Prisoner of the Vatican (2 page)

Italians—but also others who learn about Italian history today—are led to believe that the nation was securely established once Rome was taken in 1870. But it is an illusion, the product of a natural tendency to view history backward. In fact, in the first two decades of Rome's new position as capital of Italy, there was no certainty that the end of the Papal States was any less fleeting than it had been several decades earlier, when, in the course of ten years, Napoleon deposed two popes and chased them from Rome. Nor did Catholics have to look back even that far to find grounds for hope; little more than two decades earlier, in 1848, popular revolts had driven Pius IX, then in the first years of his papacy, into exile. Then, too, the usurpers had triumphantly pronounced the permanent end of papal rule. Yet, once again, the pope had shown how fleeting were the victories of the Church's enemies, returning to power behind the French and Austrian armies. Why, loyal Catholics asked, should God's cause not triumph once more? Was He not still on the pope's side?

When, on September 20, 1870, Italian troops finally broke through Rome's walls and claimed the city as part of the new Italian state, Pius proclaimed himself a "prisoner of the Vatican." Denouncing the "usurper" state, he retreated into the Vatican complex and, spurning the government's entreaties, refused to come out. Confident that God would not long abandon His Church, Pius did all he could to help the divine cause, from excommunicating Italy's founders—the king, his ministers, and his generals—to calling on Europe's Catholic rulers to come once again to his aid. Following the pope's lead, the Catholic press assured its readers that Rome's sacrilegious conquerors would,
like their predecessors, soon meet an ignominious end. The Papal States would return.

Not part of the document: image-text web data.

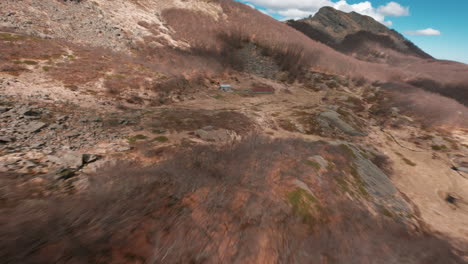 flying low over rugged mountain ridge, fpv drone captures wild, remote terrain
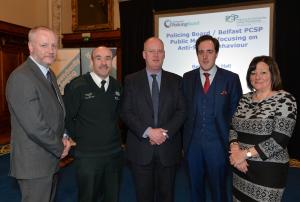 Caption: Pictured at public meeting in City Hall City Hall are: (l-r) Nigel Grimshaw, Belfast City Council, Supt Ryan Henderson, Chief Constable George Hamilton,  Belfast PCSP Chair Cllr John Hussey and Board Chair Anne Connolly. 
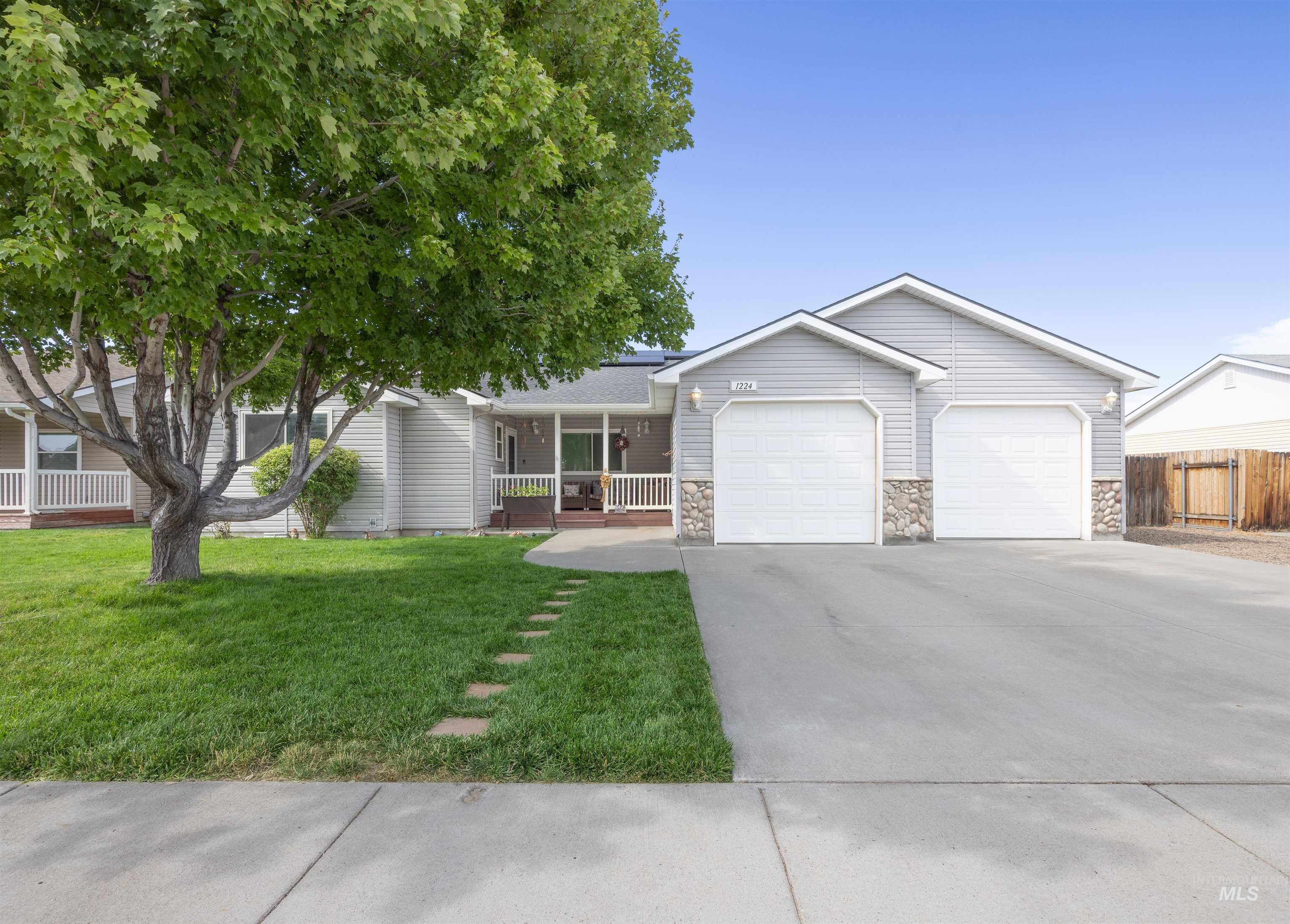 Ranch-style house with a garage, concrete driveway, a porch, and stone siding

A dramatic battle unfolded, the drama punctuated by the death of its two protagonists—Pius IX and Victor Emmanuel II—within a month of each other in 1878. Yet, even with a new pope, Leo XIII, and a new king, Umberto I, both dramatically different from their predecessors, the battle continued, the stakes high, the outcome uncertain.

This is the story told in the pages that follow, a story of outrageous accusations, mutual denunciations, terrible fears, and raucous public demonstrations, a chronicle of frenetic diplomacy and secret dealings. While the struggle was partly fought through symbols, ritual, and rhetoric, rocks were hurled along with epithets. War throughout Europe was prophesied, at the end of which, many in the Vatican hoped and believed, Italy would once again be carved up by foreign powers into a series of weak, dependent states and the pope returned to power in Rome. This battle—almost entirely unknown today outside scholarly circles—still leaves a deep mark on the Italian soul. Without understanding this history, there is no way to understand the peculiarities of Italy today.

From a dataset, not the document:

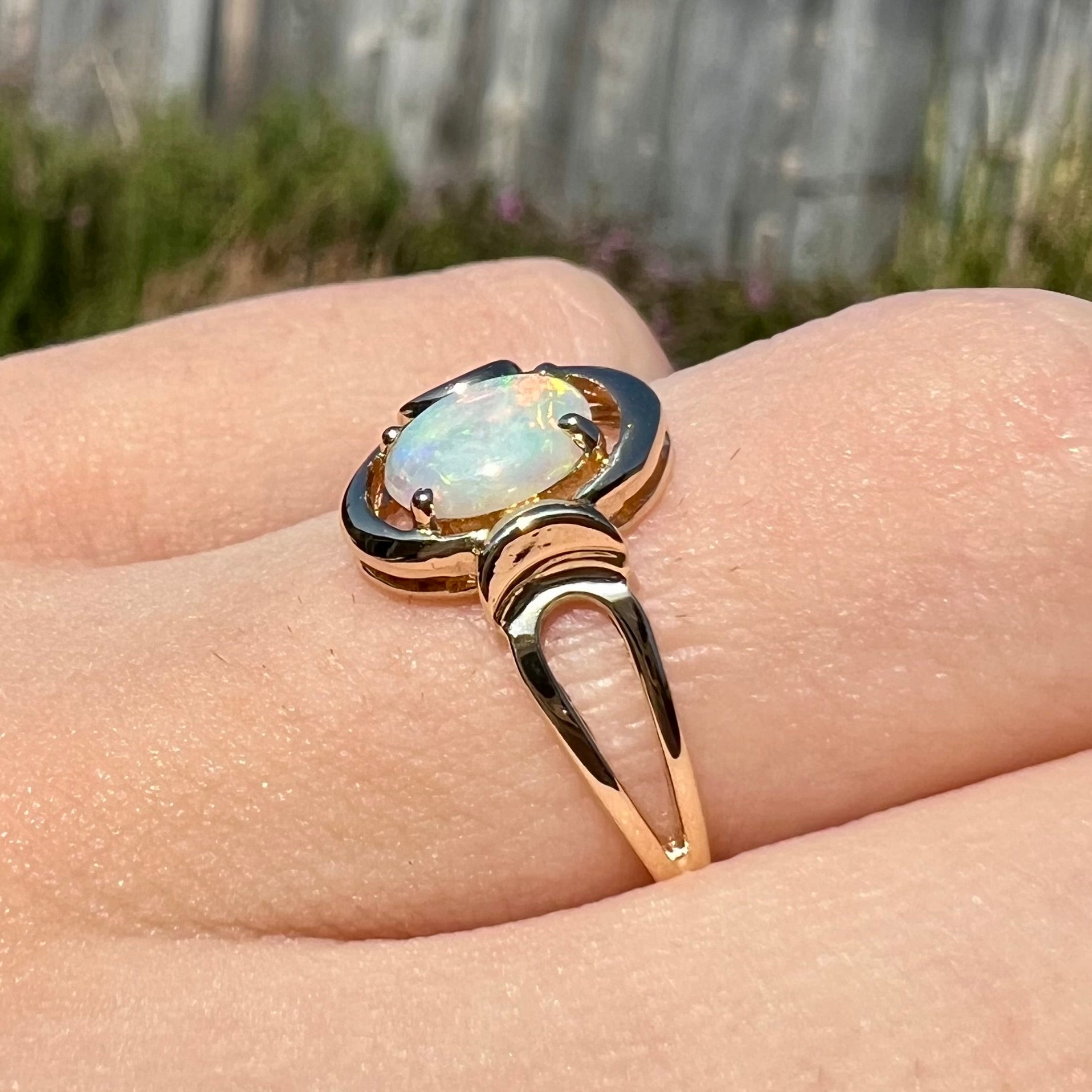 A 14 karat yellow gold open-shank design Australian crystal opal ring.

The protagonists of this fateful conflict live on in statues of granite and marble that dot town squares from Venice and Turin to Naples and Palermo, in elaborate tombs, famous paintings, and obscure popular art. Rome itself is filled with outsized monuments, statues big and small, and a panoply of plaques commemorating the battles of unification. But, oddly, the story that they tell, together with the sanitized accounts found in the textbooks of every Italian schoolchild, has rather little to do with what happened. The actual history is, today, too dangerous, too embarrassing, still too raw for public view. The most basic fact of the creation of modern Italy—that its greatest foe was the pope himself—is one that cannot easily be mentioned, and certainly not to children, whose understanding of how their country was founded contains a hole at its center. The Italian or the foreigner visiting Rome today can scarcely grasp what the battles for Italian unification were about.

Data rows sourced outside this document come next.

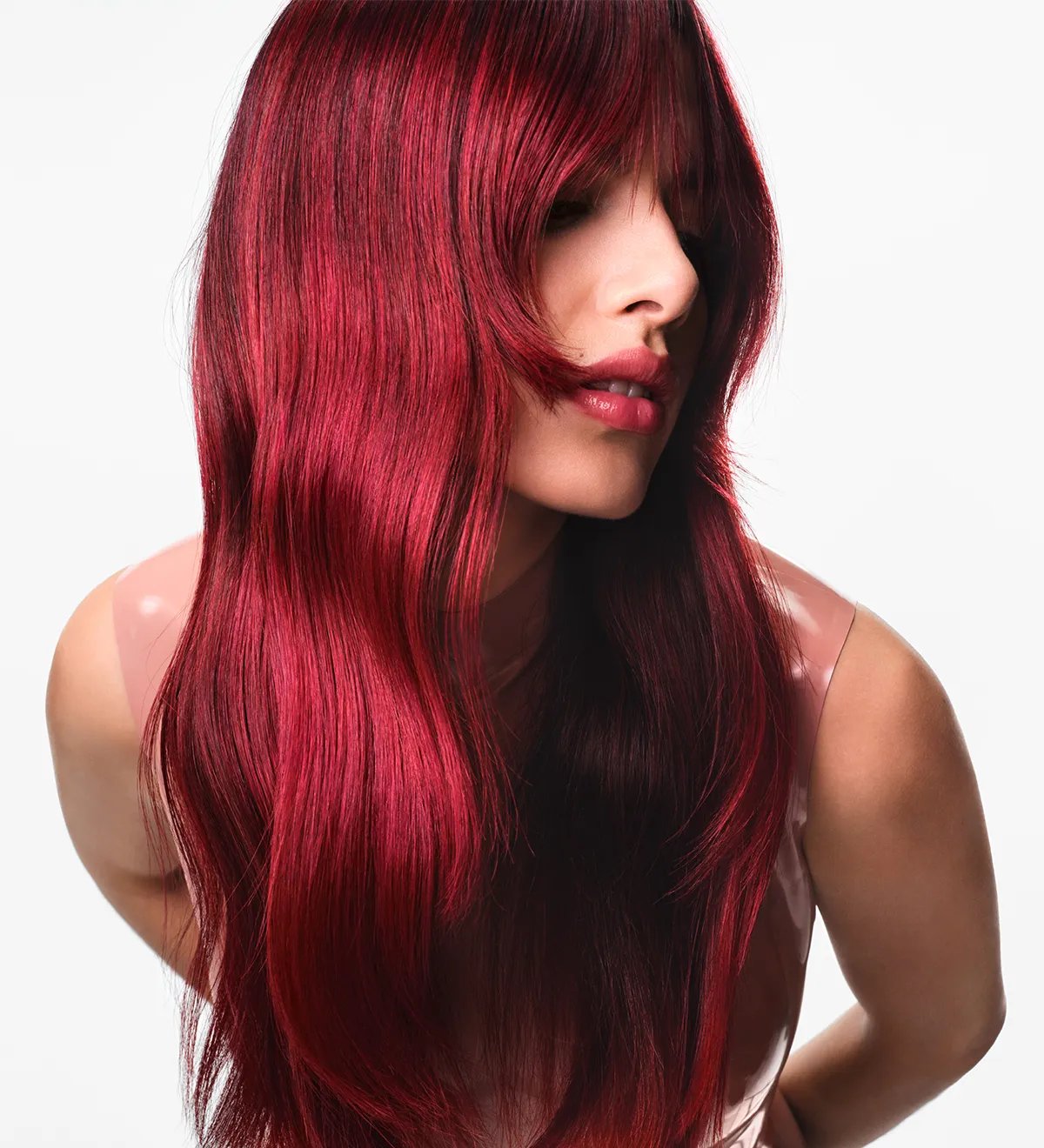 Model with long, wavy, red hair and bottleneck bangs.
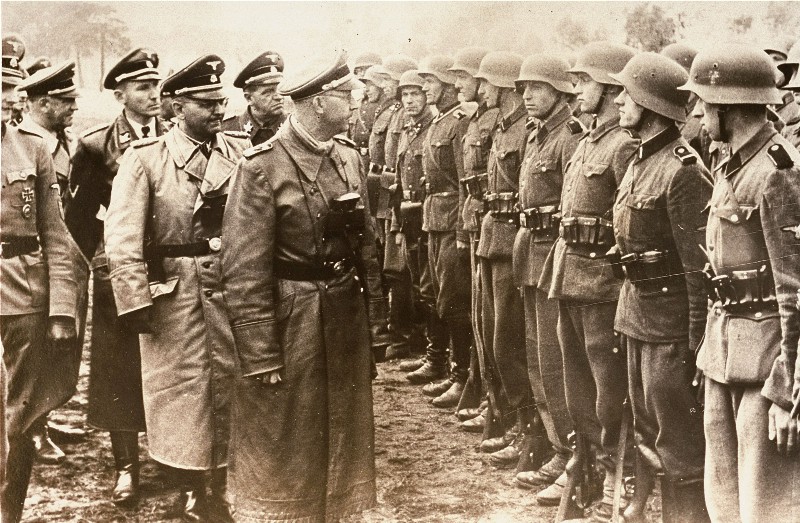 Gestapo chief Heinrich Himmler reviews Nazi troops in 1944. CREDIT: AP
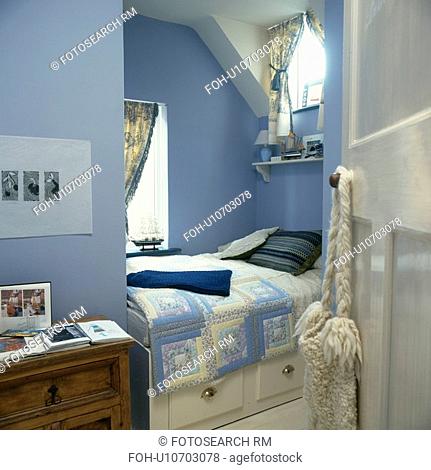 Blue patchwork quilt on built-in bed with storage drawers in small blue guest room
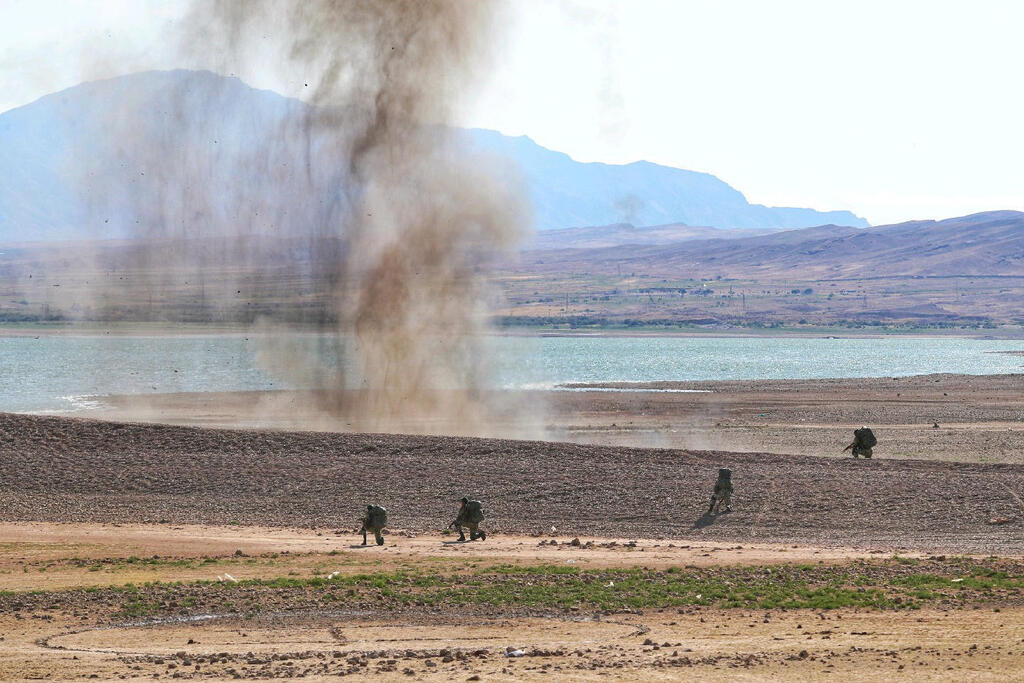 A handout photo made available by the Iranian Army office shows a military exercise by the Iranian Army in the north-west of Iran, close to the border with Azerbaijan, October 1, 2021 (Photo: EPA) Handout photo made available by the Iranian Army office shows a military exercise by the Iranian Army in the north-west of Iran, close to the border with Azerbaijan, October 1, 2021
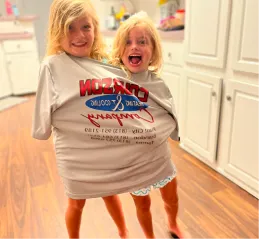 Two children playing | Courson Heating & Cooling
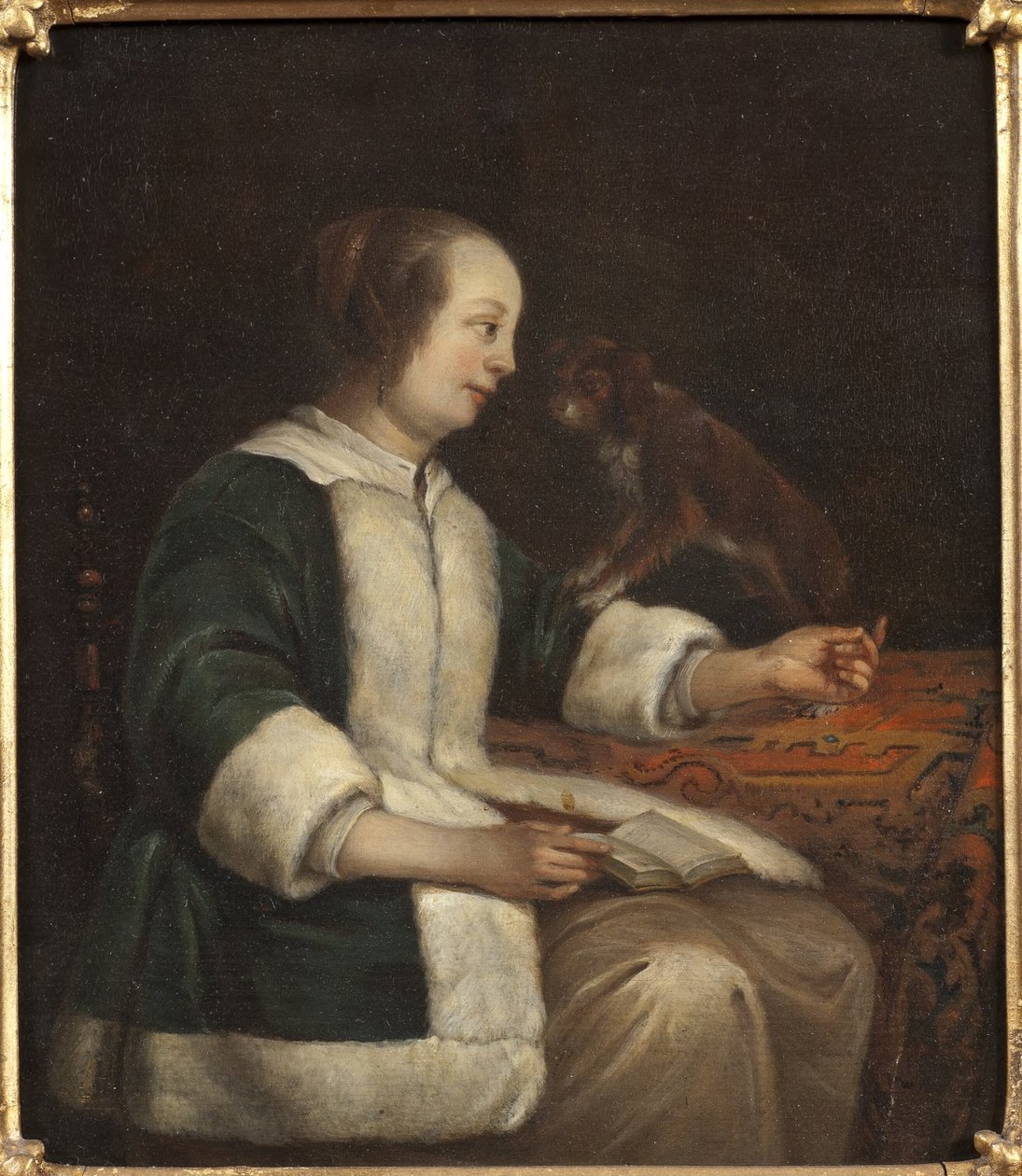 Porträtt av en dam med en hund av Gabriel Metsu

It is too bad, because the true story of the birth of modern Italy, involving the demise of the Papal States and the pope's efforts to undo Italian unification, offers a gripping tale of intrigue and pathos filled with outsized characters and high drama. It features an Italian king, Victor Emmanuel II, whose greatest passion in life was hunting and who viewed his government ministers with disdain, but who somehow rose to the challenge of unifying Italy. Although he had little love for the Church or the clergy, the king never stopped dreaming of the day that the pope would deign to receive him. It was a day that he would never live to see.

For his part, Pius IX was without doubt the most important pontiff in modern history. While deeply religious, he was politically inept. Remarkably gregarious, he loved nothing more than hosting audiences and, before Rome was taken, strolling through Rome's streets and chuckling at people's startled reactions to the white-robed pope-king in their midst. Yet, if he was a man of great charm and warmth, a man with a famous smile, he also had a fearful temper and a short fuse. And, as if from the cast of a twopenny melodrama, ever at the goodly pope's side was the dark figure of Giacomo Antonelli, long his secretary of state, his right-hand man, who compensated for the pope's lack of political sophistication with his own diplomatic savvy. A cardinal without ever having been ordained a priest, Antonelli fit the popular stereotype of the goodly pope's evil adviser, an image promulgated in this case not only by Italy's anticlericals and nationalists but by many of the Curia's cardinals as well, jealous of the stranglehold Antonelli seemed to have over Pius.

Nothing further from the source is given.